Gruppo Pentagon, Wolfgang Lauberseimer, Kommode, 1988
E’ evidente che a ciascuna di queste intelligenze, normalmente distribuite in modo equilibrato nelle persone, possono corrispondere vocazioni particolari. All’orecchio assoluto musicale può corrispondere l’occhio assoluto del pittore o dell’architetto. Malraux cita a questo propostio una frase di Picasso, che dice pressapoco”...la gente dice’non ho orecchio per la musica, ma non dice ‘ non ho occhio per la pittura...la gente deve essere costretta a vedere la pittura nonostante la natura; noi crediamo sempre di guardare, no? Ma non è così. Noi guardiamo sempre attraverso un paio di occhiali. La gente non ama la pittura. Tutto ciò che vuol sapere è quali dipinti saranno considerati buoni tra cent’anni...”

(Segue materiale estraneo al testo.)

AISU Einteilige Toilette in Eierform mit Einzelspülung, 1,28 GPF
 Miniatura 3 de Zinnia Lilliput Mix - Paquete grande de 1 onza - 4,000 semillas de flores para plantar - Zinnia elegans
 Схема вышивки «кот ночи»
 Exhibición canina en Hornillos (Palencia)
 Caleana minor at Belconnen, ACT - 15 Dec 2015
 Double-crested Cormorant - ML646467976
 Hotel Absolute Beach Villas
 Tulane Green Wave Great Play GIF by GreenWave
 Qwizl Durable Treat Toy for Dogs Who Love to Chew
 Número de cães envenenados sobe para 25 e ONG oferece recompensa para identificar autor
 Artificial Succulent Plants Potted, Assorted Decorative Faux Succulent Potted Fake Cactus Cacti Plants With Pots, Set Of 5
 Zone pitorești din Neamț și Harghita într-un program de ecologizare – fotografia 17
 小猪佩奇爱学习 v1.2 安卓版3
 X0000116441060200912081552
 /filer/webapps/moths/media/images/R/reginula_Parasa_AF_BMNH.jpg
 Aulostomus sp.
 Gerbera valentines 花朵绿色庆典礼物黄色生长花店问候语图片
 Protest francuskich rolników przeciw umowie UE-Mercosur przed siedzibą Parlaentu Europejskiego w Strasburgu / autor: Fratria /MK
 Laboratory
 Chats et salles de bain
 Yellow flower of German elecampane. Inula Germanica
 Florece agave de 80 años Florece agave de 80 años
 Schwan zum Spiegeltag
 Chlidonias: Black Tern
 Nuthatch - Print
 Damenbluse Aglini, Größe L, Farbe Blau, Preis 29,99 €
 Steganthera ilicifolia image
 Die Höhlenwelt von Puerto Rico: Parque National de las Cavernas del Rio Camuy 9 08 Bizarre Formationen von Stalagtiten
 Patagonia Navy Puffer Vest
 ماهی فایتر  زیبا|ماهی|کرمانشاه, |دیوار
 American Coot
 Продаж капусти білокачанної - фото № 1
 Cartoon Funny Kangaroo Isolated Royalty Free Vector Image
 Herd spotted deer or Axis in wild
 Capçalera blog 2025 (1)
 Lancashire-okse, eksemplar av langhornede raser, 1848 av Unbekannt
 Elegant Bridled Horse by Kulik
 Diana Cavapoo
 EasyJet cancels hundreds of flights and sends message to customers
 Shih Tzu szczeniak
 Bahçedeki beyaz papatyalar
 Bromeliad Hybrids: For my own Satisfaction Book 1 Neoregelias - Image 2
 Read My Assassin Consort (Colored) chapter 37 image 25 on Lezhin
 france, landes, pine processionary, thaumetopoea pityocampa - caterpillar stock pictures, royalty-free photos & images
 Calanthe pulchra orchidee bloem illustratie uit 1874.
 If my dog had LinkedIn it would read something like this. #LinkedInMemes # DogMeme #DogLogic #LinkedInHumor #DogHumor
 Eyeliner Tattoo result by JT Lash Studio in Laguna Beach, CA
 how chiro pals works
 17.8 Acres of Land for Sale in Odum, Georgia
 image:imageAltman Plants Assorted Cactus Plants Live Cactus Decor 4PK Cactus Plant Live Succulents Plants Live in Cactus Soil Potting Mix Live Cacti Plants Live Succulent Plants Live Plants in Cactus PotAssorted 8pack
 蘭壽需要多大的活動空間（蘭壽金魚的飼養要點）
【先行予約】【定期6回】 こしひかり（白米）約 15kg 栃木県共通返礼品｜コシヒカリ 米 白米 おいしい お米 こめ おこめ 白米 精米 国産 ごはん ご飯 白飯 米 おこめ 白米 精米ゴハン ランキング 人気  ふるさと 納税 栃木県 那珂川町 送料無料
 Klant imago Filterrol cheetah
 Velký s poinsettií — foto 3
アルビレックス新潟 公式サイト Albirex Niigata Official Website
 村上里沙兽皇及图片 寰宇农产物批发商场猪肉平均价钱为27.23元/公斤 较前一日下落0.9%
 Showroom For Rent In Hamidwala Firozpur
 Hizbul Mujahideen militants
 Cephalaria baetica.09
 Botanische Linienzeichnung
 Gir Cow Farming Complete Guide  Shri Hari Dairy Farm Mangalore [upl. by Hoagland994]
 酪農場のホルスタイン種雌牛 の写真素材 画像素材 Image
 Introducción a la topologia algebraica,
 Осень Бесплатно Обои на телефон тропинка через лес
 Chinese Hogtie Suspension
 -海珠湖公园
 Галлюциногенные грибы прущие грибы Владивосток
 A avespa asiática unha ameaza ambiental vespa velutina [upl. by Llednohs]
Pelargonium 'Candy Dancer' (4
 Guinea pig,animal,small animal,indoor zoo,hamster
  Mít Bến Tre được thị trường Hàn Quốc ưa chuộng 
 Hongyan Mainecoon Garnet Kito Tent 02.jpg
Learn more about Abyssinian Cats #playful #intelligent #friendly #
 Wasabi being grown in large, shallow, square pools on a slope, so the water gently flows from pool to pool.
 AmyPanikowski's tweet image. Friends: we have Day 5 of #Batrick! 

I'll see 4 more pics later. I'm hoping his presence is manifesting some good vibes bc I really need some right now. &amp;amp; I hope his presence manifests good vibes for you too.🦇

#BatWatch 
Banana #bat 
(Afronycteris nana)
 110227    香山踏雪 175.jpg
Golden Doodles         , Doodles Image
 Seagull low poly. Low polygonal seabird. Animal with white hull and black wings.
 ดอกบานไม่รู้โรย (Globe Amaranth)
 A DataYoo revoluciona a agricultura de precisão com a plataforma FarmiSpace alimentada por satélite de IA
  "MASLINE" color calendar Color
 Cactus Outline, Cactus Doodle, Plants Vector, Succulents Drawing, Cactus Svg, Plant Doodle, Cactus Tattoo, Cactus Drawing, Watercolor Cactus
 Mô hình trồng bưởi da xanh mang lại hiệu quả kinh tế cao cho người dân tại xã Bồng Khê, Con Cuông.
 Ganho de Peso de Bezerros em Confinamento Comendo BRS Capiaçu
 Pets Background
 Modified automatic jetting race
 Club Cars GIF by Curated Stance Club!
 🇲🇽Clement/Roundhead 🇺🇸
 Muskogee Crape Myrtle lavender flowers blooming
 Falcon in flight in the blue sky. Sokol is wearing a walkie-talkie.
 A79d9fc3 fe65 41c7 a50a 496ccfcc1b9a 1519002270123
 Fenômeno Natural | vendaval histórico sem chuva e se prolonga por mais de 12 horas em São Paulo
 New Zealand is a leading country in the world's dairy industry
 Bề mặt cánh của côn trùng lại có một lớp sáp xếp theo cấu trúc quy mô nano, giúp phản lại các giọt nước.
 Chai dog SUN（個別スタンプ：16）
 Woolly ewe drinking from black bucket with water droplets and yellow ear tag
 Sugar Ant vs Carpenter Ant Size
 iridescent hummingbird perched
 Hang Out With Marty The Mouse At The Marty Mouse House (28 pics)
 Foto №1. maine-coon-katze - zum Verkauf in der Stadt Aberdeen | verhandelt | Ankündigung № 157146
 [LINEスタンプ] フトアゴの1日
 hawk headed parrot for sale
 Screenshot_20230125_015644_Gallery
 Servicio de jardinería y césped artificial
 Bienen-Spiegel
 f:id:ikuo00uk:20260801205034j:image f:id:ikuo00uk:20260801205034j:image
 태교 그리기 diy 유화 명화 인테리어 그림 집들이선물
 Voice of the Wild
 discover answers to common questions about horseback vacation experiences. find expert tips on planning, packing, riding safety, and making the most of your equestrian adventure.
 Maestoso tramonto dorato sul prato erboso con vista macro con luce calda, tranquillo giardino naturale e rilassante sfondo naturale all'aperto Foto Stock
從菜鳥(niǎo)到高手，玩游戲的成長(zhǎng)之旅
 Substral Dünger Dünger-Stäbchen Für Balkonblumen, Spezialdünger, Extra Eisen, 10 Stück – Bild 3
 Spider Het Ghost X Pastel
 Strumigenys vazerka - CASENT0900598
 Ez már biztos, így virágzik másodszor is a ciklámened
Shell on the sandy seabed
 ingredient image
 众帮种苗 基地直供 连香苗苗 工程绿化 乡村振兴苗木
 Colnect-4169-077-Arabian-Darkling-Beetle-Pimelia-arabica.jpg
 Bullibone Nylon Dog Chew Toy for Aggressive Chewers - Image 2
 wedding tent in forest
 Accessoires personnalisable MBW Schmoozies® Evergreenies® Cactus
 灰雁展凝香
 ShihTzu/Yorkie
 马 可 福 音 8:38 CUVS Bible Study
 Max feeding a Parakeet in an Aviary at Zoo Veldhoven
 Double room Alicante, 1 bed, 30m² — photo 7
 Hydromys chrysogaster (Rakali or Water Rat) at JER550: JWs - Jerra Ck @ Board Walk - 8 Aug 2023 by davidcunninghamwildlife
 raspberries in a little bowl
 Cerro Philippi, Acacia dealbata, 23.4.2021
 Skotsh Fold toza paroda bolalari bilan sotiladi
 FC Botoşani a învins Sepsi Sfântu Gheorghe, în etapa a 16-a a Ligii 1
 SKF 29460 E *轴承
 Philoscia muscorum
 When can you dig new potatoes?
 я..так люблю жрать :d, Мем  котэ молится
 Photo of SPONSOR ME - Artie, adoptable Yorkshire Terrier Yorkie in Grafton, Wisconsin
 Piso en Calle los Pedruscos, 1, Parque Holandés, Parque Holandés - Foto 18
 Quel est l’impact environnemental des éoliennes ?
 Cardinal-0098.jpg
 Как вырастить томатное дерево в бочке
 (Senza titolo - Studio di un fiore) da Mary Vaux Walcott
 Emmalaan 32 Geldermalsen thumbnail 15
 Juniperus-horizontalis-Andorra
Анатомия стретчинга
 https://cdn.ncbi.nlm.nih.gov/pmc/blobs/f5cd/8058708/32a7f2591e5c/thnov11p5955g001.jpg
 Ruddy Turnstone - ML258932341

La scuola, così ci dice Itten, deve dunque partire dall’educazione di questa attitudine particolare alla visione, attraverso metodologie didattiche che facciano riferimento ai fattori che strutturano sia la forma che l’atto del vedere. E’ la nascita del corso propedeutico, basato sull’educazione alle strutture della visione. L’insegnamento della storia, l’apprendimento per modelli, viene sostituito dall’apprendimento costruito attraverso l’esperienza diretta di ciò che si deve fare.